学生時代に世界史をある程度学習していた人であれば取り組みやすいのではないでしょうか。世界史の知識があり、それに関連して世界地図も理解できるようであれば、2級から挑戦しても問題ないでしょう。不安のある人は、3級受験からでもよいでしょう。

 

少なくとも1級まではマークシート方式ですから、テキストの丸暗記は不要です。毎日1時間の学習で1か月ほど(合計30時間)で大丈夫です。
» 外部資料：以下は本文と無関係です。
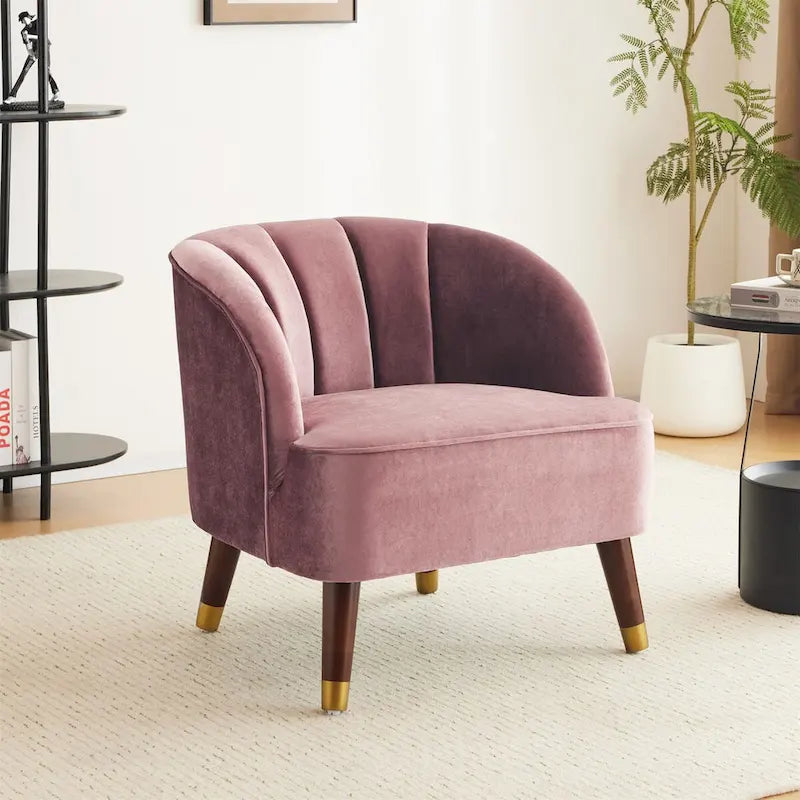 Barrel Velvet Accent Chair with Tufted Curved Back & Rubberwood Legs - Mid-Century Modern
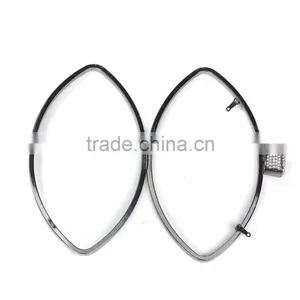 Iron Based Alloy Kiss Clasp Purse Frame Marquise Clear Rhinestone Gunmetal Rectangle 23.8cm(9 3/8") x 16cm(6 2/8"), 1 Piece thumbnail-3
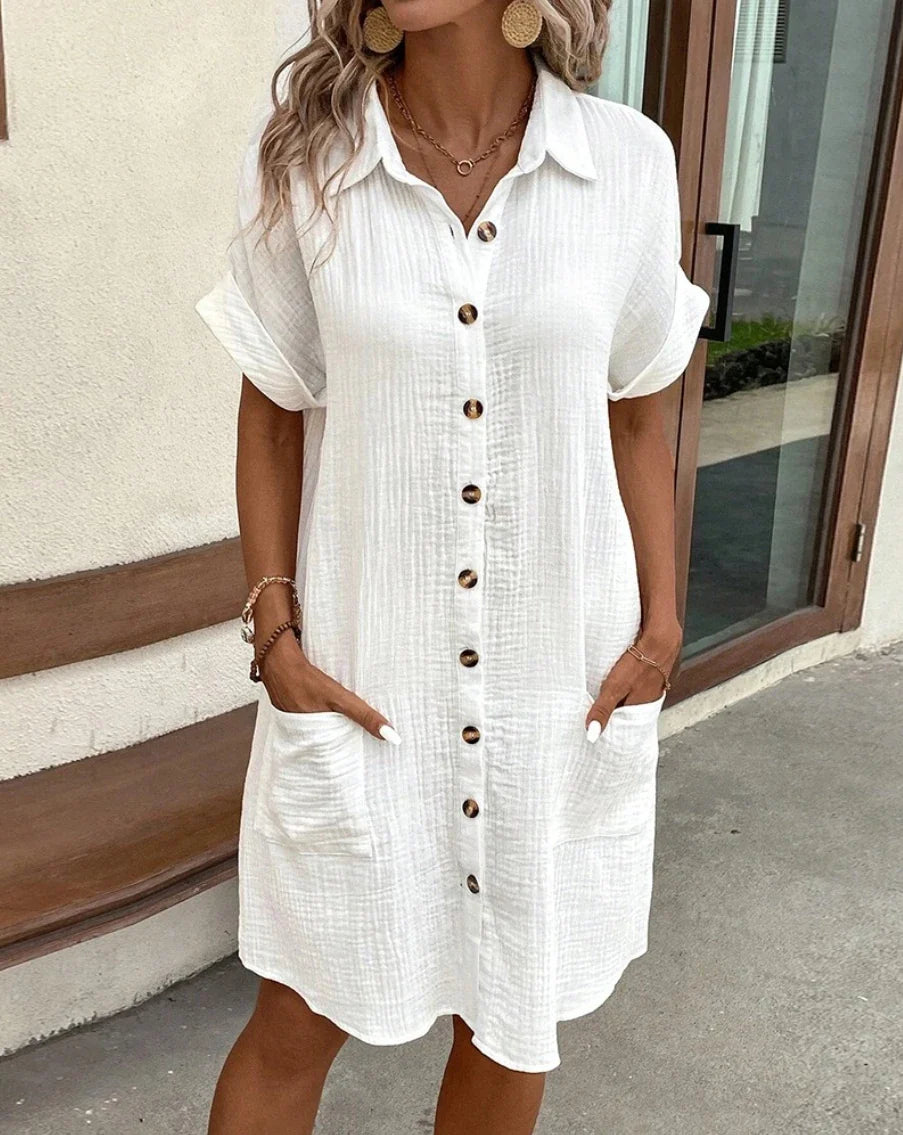 MP | Ročník ženy pevné Mini šaty letné módne V-Neck tri Quater rukávy bavlnené plátno šaty dámy ležérne dovolenka Vestidos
ある程度確実に合格できますます。学習方法としては、

 

過去問題集で問題を解く→テキストを読む→問題を解く→テキストを読む

 

この繰り返しです。

 

テキストは世界遺産検定用の公式のものがあるので必ずそれを購入することです。書店で並んでいないことが多いのでネットで注文するのがおすすめです。

 

世界遺産は、毎年新たに世界遺産が登録されるので、確実に登録件数は増えます。そのため新しいテキストが常に必要になります。しかし古いテキストでも、最新部分をニュースやネットで確認しておけば問題はありません。

 

世界遺産検定はあくまでも趣味の検定試験です。合格することが目的ではなく、理解して教養を身につけることが目的です。楽しんで学習ができたら理解も進んで楽しくなるでしょう。

世界遺産検定試験情報

試験日

お申込み

年2回実施(3月,7月,9月,12月のいずれか)

マイスターと1級は7月、12月に実施

主催者にお問い合わせください

受験資格

どなたでも受験できますが、一部受験資格については下記参照。

試験内容

【受験資格】
1級〜4級はどこからでも挑戦できます。
1級は2級以上の認定者に受検資格があります。
マイスターは1級以上の認定者に受検資格があります。

 

【出題形式】
級によって出題形式が異なります。

  • マイスター:論述形式、3題
  • 1級:マークシート形式、90問
  • 2級:マークシート形式、60問
  • 3級:マークシート形式、60問
  • 4級:マークシート形式、50問

世界遺産検定試験に関する詳しい情報は世界遺産検定|NPO法人 世界遺産アカデミーをご覧ください。

世界遺産検定 おすすめテキスト・基本書

くわしく学ぶ世界遺産300<第2版>世界遺産検定2級公式テキスト

試験の主催者であるNPO法人世界遺産アカデミーが出版する公式テキストです。

 

検定試験はほとんどここから出題されます。このテキスト以外に参考書はないと言ってもよいでしょう。試験終了後も趣味として十分に使える内容です。
見やすく、要点が分かりやすく網羅されていて内容も豊富です。試験に出る箇所が赤文字や太文字でかかれているので親切です。

種類 評価
テキスト 世界遺産検定,使える,役に立つ,パティシエ

世界遺産検定 おすすめ問題集

世界遺産検定公式過去問題集1・2級<2018年度版>

2017年7月、12月実施の1級と、3月、7月、9月、12月実施の2級の検定問題を収録しています。テキストを読んでいるだけでは頭に残らないので、実際に出題された過去問題集を解きながら、出題傾向を確認して、内容を覚えるには最適です。

 

テキストと問題集の繰り返しで確実に合格へと近づきます。